The Carpenters are still here, because it’s 5 years since the events of Grinny. Timothy is now 16 and getting work experience at the local newspaper but unfortunately that means he’s now old enough to fall under the alien influence, whilst Beth is still young enough to be a witness to truth. The style and presentation of the book changes accordingly: this is no longer entirely a recovered or edited Diary, but mostly a third person narrative presumably constructed by Nicholas Fisk. Fisk is himself a character in the plot, since he already got involved in the Grinny saga. This time around unfortunately he falls under the influence of Treadgold as well as the rest of the country (apart from children and a minority of strong-minded adults). If we assume Grinny was 1973 then this would be 1978, and the street battles between “yobs” and others would be a reflection of punks and NF confrontations… is Nicholas admitting he was tempted by some authoritarian rhetoric in the doomy and gloomy late 70s, but was regretting it by the mid 80s? Who can say.
Things that don’t make sense on a bigger scale: how exactly a British politician can have global significance with a control-phrase that only works on Anglophones – we are not told about any parallel figures operating in other territories. So the alien invasion is rather putting all its chips on getting control of Britain and then figuring out the rest, which is a strategic error many failed invasions in Doctor Who in the 70s also made.
What hasn’t dated in this story is the sense of mass hysteria and paranoia, and the powers of hynoptic suggestion on crowds.
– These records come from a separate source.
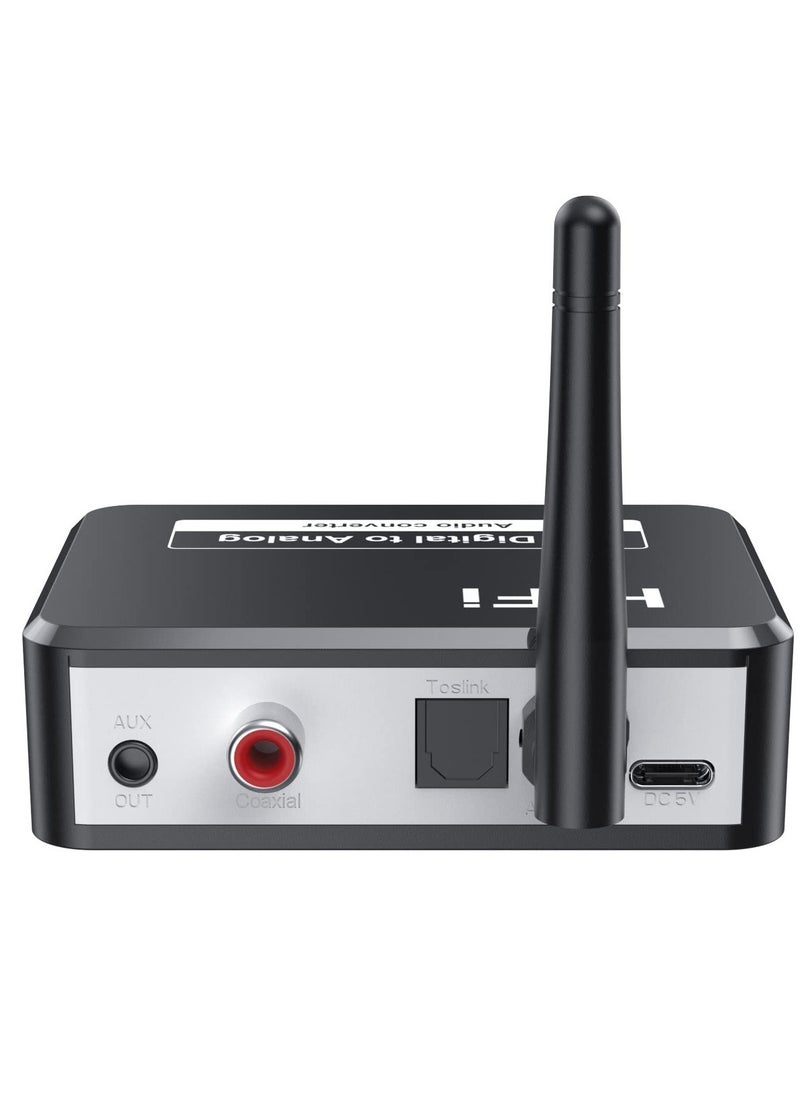 SYOSI - 192khz Digital to Analog Audio Converter, 5.2 Bluetooth Receiver Dac Wireless Audio Adapter with OpticalCoaxial to 3.5mm Audio Output for Ps3 Ps4 Dvd Apple Tv Home Cinema - Image 1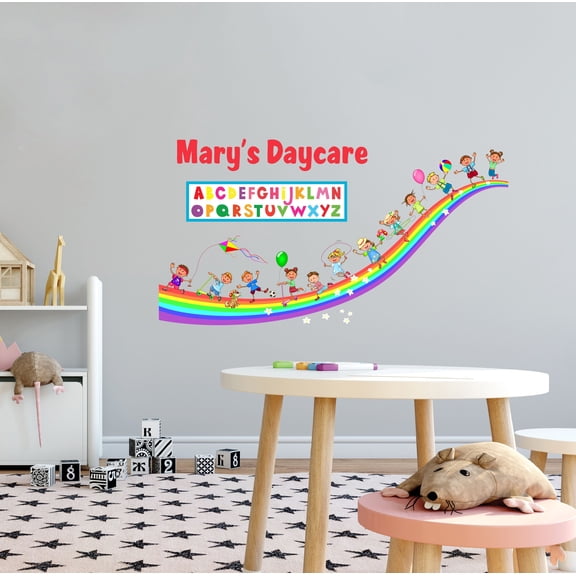 KIDS DAYCARE - Multicolored Vinyl Art Happy Kids Rainbow Road Decoration Sticker Customized Name Child Care Nursery Adhesive Wall Decal Sticker 10" x 5"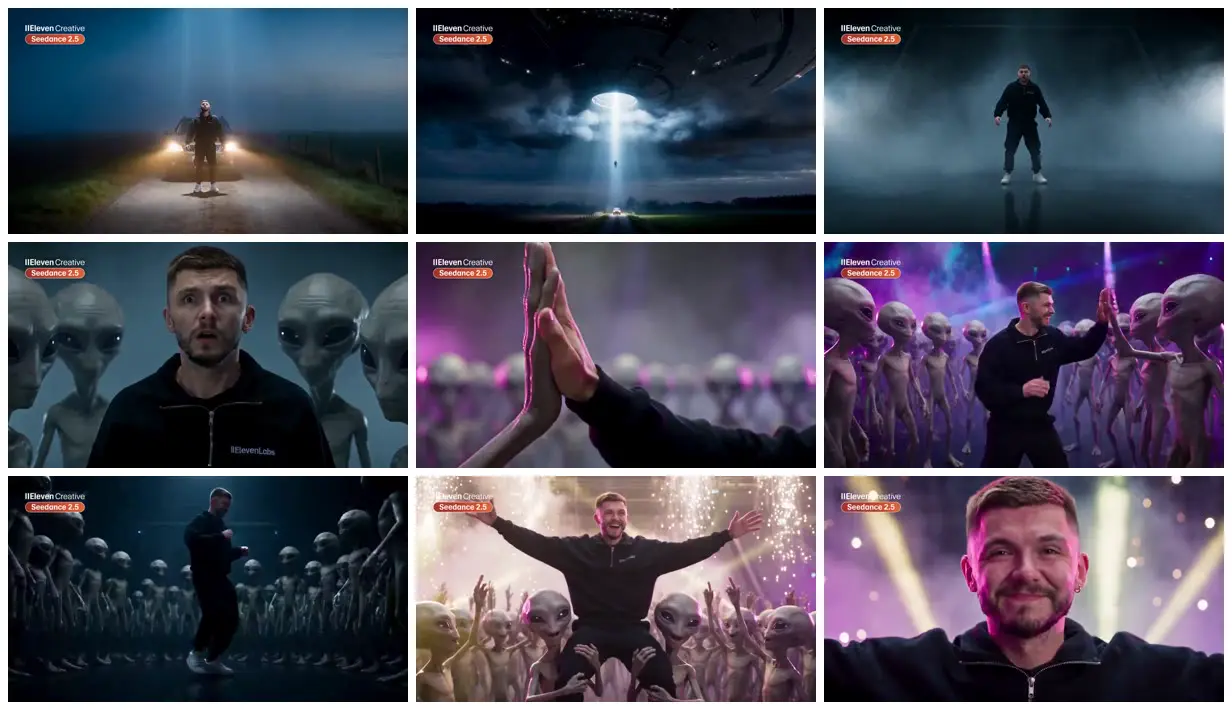 Nine frames from across Alien abduction turns into a party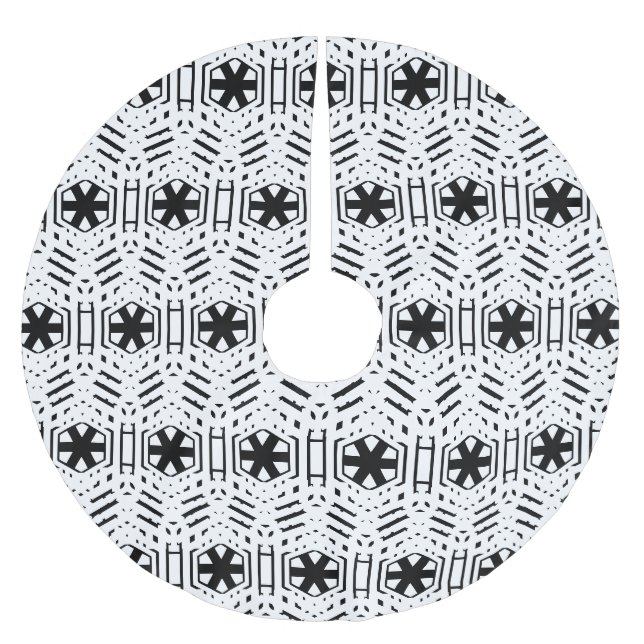 Schneeflocken schwarz-weiß skandinavische Weihnach Polyester Weihnachtsbaumdecke (Vorderseite)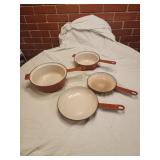 Enamel cast iron orange cookware set
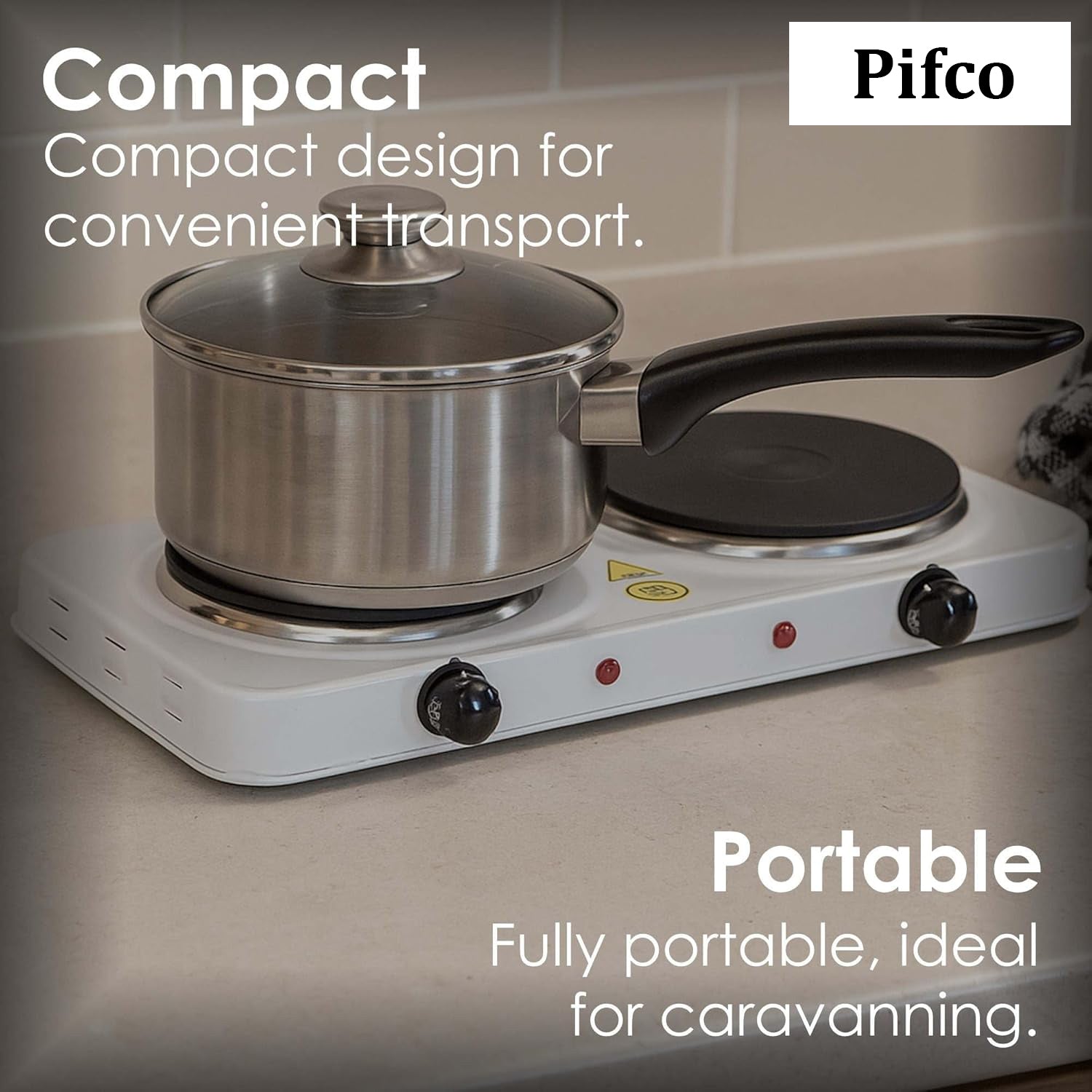 Pifco Double Hot plate, Electric Double Hob, Multifunctional and Portable, 2000W High Power, Fast and Uniform Heating, Easy to Clean,Ideal for Home, Kitchens or Travel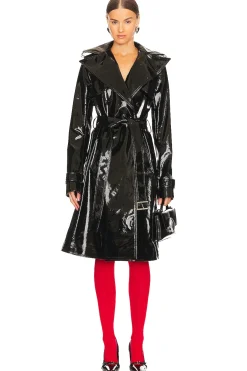 Women LaQuan Smith Jackets & Coats>Patent Leather Trench Coat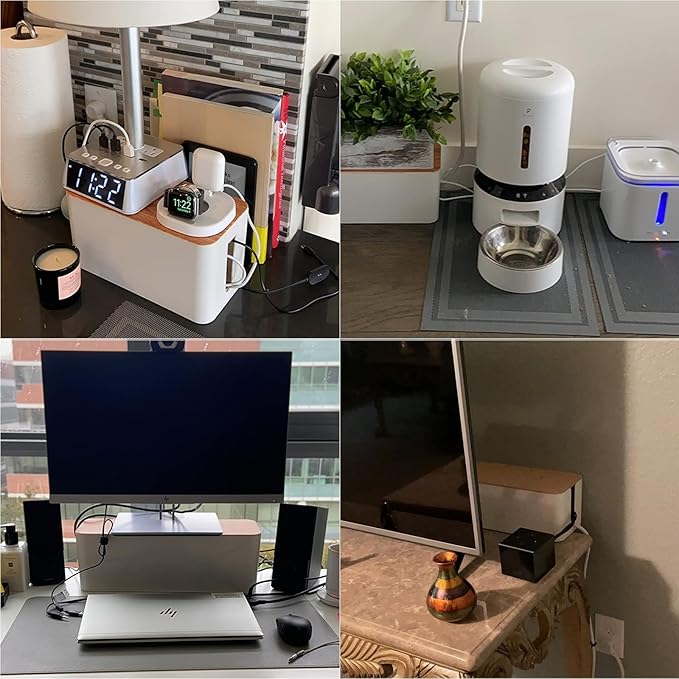 YUANYE Cable Management Box Cable Management Kit for Power Strip to Hide Wires,Cord Organizer Boxes,Safe ABS Material Wire Organizer of Cable Clips Sleeve for Home & Office,3Pack-128PCS /Black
There is an extraordinary chapter in which Lisa stirs a crowd to attempt unconsciously crush Beth and Timothy between them by not noticing their presence (they don’t realise it, but this would be a reversal of their own previous “Eyes Right” trick of deliberately blindspotting a victim). The escape is a claustrophobic descent down to pavement level and then down in to the sewers.
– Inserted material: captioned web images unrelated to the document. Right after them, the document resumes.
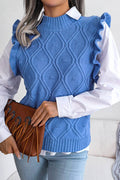 Geometric Knit Ruffles Vest Sweater BJS018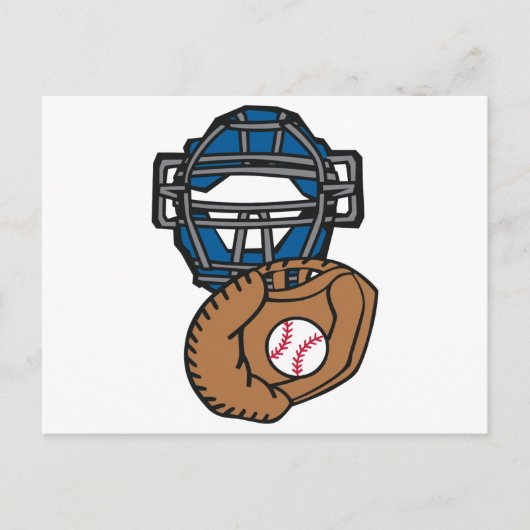 Baseball Catcher Masker Glove Briefkaart (Voorkant)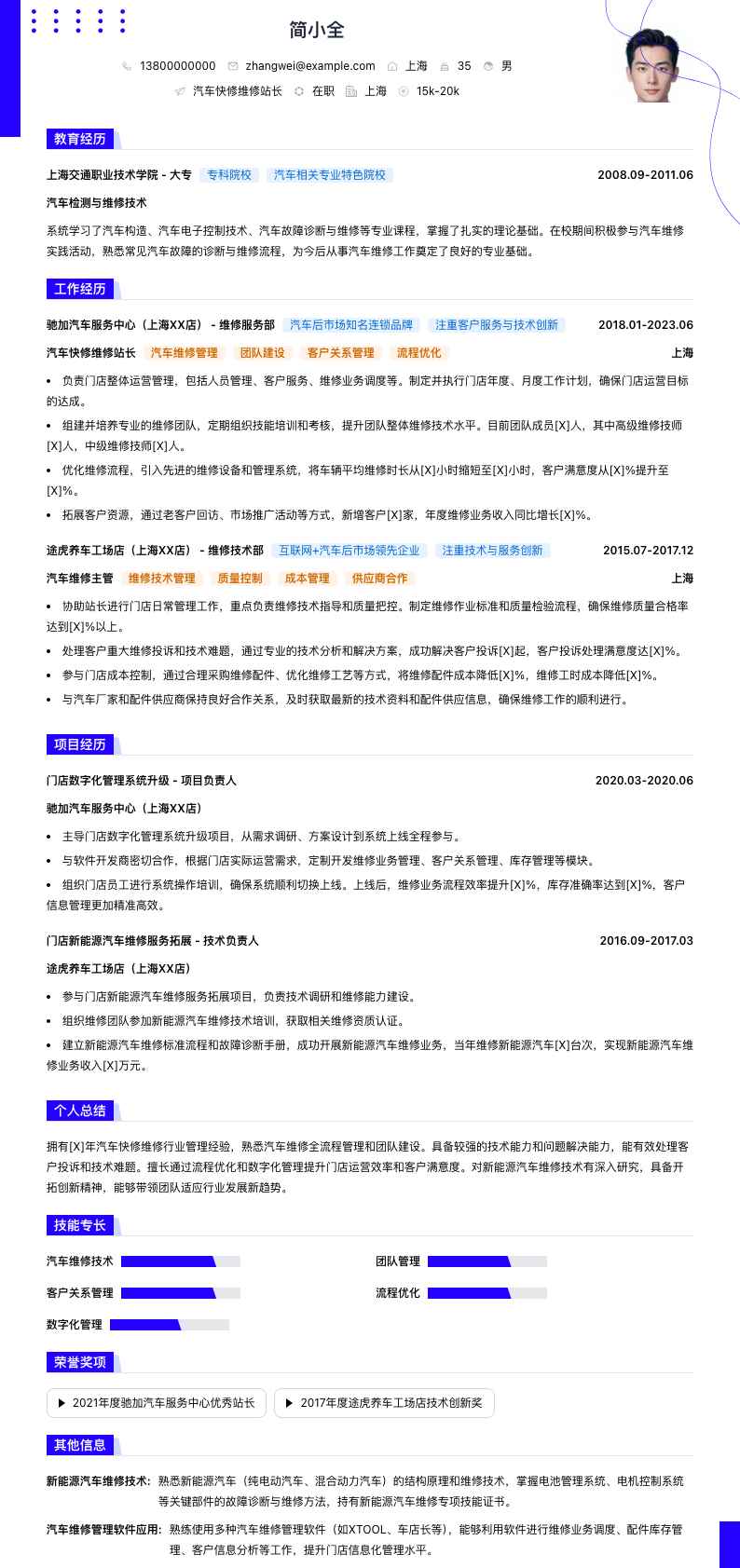 汽车快修维修站长简历模板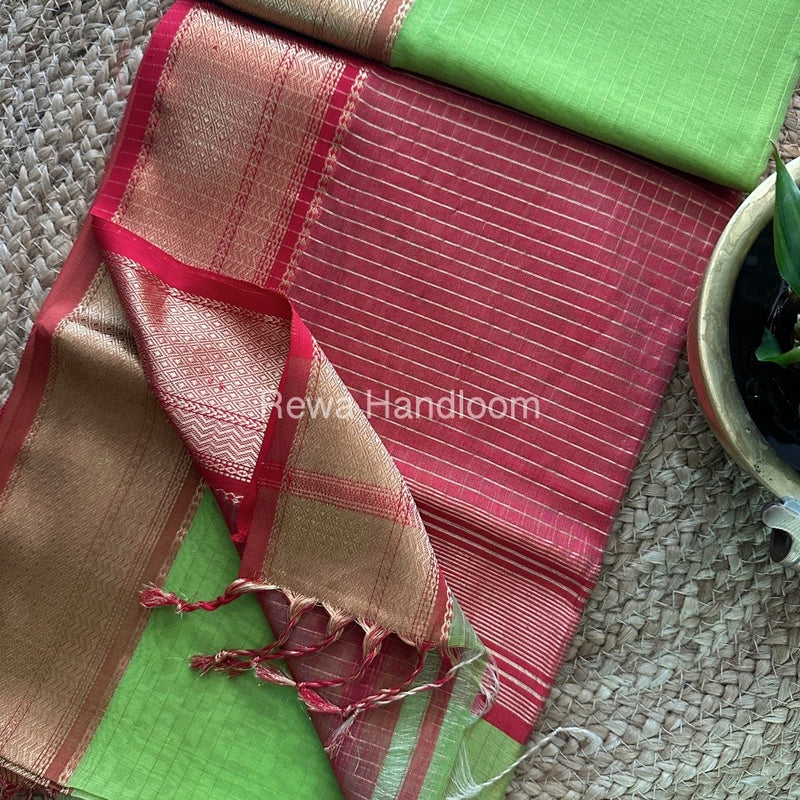 Maheshwari Parrot Green Zari Linning Saree-GL04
’Do like this!’ Timothy gasped. He took up a frog-like attitude, facing Beth. They put their hands on each other’s shoulders and braced their spines. Their bodies made a bridge. The feet shuffled and tried to invade their space, break the bridge. Beth and Tim sweated and held on. Above them, the living forest closed in, blotting out the light.
I did wince a bit when one of the adults who was resistant to the effect of “You remember me!” was shown to be also very tiresome, ranting on about everyone else being “sheep” who need to “wake up”. Of course it all washes away quickly when it’s over, as Nicholas Fisk says in his final letter to Timothy:
Already Lisa Treadgold is beginning to slip sideways in my mind. My video cassettes tell me she was there, she existed, she was as beautiful and awful as she seemed. And yet nobody mentions her. Have you noticed that? No one says her name!….
Of the Rollers, there’s hardly a trace. I came across one of those Roller boaters the other day. It had blown into a ditch. It still had its R.O.L. band round – how ancient, remote, like a snatch of blotched, jerky cine film about trench warfare. Yet it all happened only yesterday.
The power of great events to be forgotten quickly when no one wants to remember what they did at the time – a warning from history.
I have included pictures of the separate original covers of Grinny and You Remember Me! but I read them in the double-edition from 2013 which has a nice introduction by Malorie Blackman. The picture in the banner is a detail from the old hardback edition of Trillions that I found on a shelf at school in 1983.